What the exercise asks
Return each line of the listing in which the word "Seamless" appears.

Data for review
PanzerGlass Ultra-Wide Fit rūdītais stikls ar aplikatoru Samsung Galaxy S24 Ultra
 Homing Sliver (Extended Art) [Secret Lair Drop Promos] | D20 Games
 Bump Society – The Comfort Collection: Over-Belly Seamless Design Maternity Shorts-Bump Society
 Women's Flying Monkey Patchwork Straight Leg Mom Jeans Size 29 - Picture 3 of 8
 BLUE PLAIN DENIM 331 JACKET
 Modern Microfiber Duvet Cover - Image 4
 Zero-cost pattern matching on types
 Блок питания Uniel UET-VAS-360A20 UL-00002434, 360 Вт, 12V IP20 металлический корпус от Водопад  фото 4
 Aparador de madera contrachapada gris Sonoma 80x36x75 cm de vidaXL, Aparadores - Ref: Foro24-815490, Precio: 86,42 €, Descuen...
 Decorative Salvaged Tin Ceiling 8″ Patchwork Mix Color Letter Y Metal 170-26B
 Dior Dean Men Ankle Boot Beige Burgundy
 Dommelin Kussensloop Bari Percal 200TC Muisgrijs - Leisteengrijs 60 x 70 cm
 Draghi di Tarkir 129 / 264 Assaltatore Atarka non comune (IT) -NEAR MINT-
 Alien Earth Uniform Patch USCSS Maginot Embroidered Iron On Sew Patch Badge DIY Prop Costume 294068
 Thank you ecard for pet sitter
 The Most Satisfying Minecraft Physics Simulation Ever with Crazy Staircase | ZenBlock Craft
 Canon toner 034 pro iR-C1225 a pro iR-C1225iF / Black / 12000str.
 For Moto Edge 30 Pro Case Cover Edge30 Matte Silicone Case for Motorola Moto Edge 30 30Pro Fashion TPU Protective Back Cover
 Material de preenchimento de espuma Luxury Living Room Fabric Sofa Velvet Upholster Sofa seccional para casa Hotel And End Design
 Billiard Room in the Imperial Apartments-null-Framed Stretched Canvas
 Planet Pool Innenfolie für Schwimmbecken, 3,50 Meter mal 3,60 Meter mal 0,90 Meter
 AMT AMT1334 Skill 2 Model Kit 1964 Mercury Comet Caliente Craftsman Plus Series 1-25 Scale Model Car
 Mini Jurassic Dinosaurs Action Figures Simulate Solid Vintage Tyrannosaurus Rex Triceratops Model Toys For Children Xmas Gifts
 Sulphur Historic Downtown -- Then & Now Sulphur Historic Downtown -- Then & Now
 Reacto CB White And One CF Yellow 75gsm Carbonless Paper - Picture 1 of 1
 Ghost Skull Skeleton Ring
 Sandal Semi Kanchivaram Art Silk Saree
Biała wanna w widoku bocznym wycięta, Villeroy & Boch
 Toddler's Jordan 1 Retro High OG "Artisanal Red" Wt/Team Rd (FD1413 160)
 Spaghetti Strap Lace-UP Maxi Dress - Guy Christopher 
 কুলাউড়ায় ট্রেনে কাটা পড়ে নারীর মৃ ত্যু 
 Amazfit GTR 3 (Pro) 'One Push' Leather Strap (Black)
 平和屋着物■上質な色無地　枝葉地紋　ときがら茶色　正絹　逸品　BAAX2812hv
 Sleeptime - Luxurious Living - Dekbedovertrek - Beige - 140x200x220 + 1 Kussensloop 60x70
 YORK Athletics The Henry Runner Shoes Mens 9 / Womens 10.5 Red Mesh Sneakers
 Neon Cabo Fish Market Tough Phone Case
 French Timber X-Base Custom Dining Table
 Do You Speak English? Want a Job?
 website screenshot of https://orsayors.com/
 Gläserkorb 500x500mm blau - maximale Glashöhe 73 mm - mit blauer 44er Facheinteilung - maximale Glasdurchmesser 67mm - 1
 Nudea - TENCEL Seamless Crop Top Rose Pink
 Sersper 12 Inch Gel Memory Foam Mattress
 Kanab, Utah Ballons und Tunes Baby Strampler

Solved problem
 Bump Society – The Comfort Collection: Over-Belly Seamless Design Maternity Shorts-Bump Society
 Nudea - TENCEL Seamless Crop Top Rose Pink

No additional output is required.